From the entries below, return exactly the lines beginning at the one that contains "Hyundai ix35 2.0 CRDI 4WD Style 2014" and ending at the one that contains "灵活应对气候变化的哥伦比亚住宅设计-45", both of them included, and only those lines.

____ Extracted material

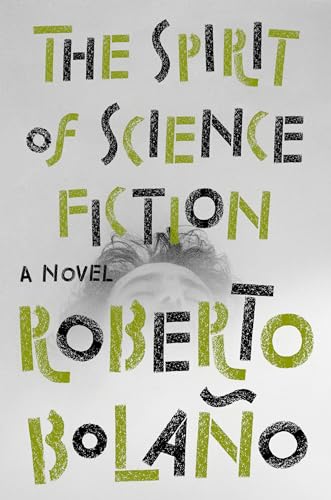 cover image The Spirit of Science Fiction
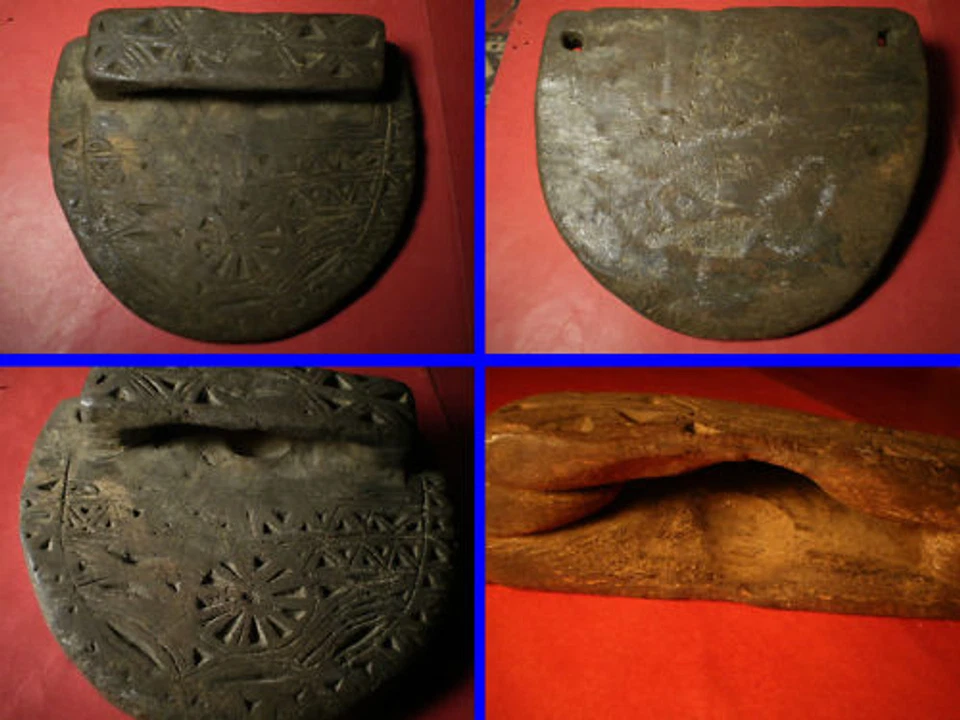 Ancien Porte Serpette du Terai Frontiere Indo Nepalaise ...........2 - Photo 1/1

________
____ Extracted material

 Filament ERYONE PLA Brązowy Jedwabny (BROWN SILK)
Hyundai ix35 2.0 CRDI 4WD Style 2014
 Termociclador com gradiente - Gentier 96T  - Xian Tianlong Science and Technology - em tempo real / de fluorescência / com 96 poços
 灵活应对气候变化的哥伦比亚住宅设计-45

________

Written response:
Hyundai ix35 2.0 CRDI 4WD Style 2014
 Termociclador com gradiente - Gentier 96T  - Xian Tianlong Science and Technology - em tempo real / de fluorescência / com 96 poços
 灵活应对气候变化的哥伦比亚住宅设计-45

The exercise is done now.